Il pendolo si è rivelato dunque strumento per misurare fenomeni periodici, tanto valido per cogliere lo scorrere della terra, quanto prezioso per scandire il ritmo del tempo. Dalla metà del Seicento il pendolo è infatti servito per battere ore, minuti, secondi attraverso la costruzione dell'orologio a pendolo. Il primo esemplare fu realizzato da uno scienziato olandese, seguendo il principio dell'isocronismo formulato all'inizio del XVII secolo da Galileo Galilei. Egli intuì la caratteristica essenziale dei moti pendolari nel 1583, osservando l'oscillazione di un lampadario nel duomo di Pisa e scoprì che la durata di quelle lente oscillazioni, misurata con il battito del suo cuore, rimaneva immutata nonostante la loro ampiezza diminuisse sempre di più. Anche Galileo fece molti esperimenti per provare il movimento terrestre e arrivò ad un passo dall'osservare la rotazione dell'oscillazione del pendolo. Sfiorò l'intuizione poco prima della sua morte.
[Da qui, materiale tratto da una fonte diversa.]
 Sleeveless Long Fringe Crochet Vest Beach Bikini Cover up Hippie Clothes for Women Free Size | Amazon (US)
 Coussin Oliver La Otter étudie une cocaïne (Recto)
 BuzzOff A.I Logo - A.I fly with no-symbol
Questi moti ritmici, ciclici, rotondi scanditi (originariamente) dall'oscillazione di un pendolo, sono stati una morbida certezza durante mesi di improvvisa sospensione.
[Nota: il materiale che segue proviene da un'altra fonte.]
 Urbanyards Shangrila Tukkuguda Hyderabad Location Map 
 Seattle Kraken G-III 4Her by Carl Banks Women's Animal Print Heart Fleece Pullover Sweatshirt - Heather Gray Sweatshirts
Il mondo non si è fermato.

Il tempo non si è fermato.


Il pendolo di Foucault ci aiuta ancora a dire di questi strati temporali compressi e rilasciati, attraverso le parole di Umberto Eco in un passo dell'omonimo romanzo, quando un paesaggio riesce ad accogliere il metamorfico moto perpetuo di tempo e spazio.»


Dalla finestra dello studio di zio Carlo guardo la collina, e quel poco di luna che sta sorgendo. L’ampia gobba del Bricco, i dorsali più modulati delle colline sullo sfondo, raccontano la storia di lunghi e sonnacchiosi sommovimenti della madre terra, che stiracchiandosi e sbadigliando faceva e disfaceva ceruli piani nel cupo balenio di cento vulcani. Nessuna direzione profonda delle correnti sotterranee. La terra si sfaldava nel suo dormiveglia e scambiava una superficie con un’altra. Dove prima pascolavano ammoniti, diamanti. Dove prima germogliavano diamanti, vigne. La logica della morena, della slavina, della frana. Metti un sassolino fuori posto, per caso, si agita, scende verso il basso, lascia spazio in difesa (eh, l’horror vacui!), un altro gli cade addosso, ed ecco l’alto. Superfici. Superfici di superfici su superfici. La saggezza della Terra. (...) L’abisso il risucchio di una pianura. Perché adorare un risucchio?” (...) “Lungo le falde del Bricco si stendono filari e filari di viti. Lo so, ne ho visti di simili ai miei tempi. Nessuna Dottrina dei Numeri ha mai potuto dire se sorgono in salita o in discesa. In mezzo ai filari, ma ci devi camminare scalzo con il tallone un po’ calloso, sin da piccolo, ci sono degli alberi di pesche. Sono pesche gialle che crescono solo fra i filari, si spaccano con la pressione del pollice, e l’osso ne esce quasi da solo, pulito come dopo un trattamento chimico, salvo qualche vermiciattolo grasso e bianco di polpa che vi rimane attaccato per un atomo. Puoi mangiarle senza quasi sentire il velluto della pelle, che ti fa correre i brividi della lingua fino all’inguine. Un tempo lì pascolavano i dinosauri. Poi un’altra superficie ha coperto la loro. Eppure (...) quando davo un morso alle pesche capivo il Regno ed ero tutt’uno con lui. Dopo, solo arguzia. Inventa, inventa il Piano, Casaubon. E’ quello che hanno fatto tutti, per spiegare i dinosauri e le pesche.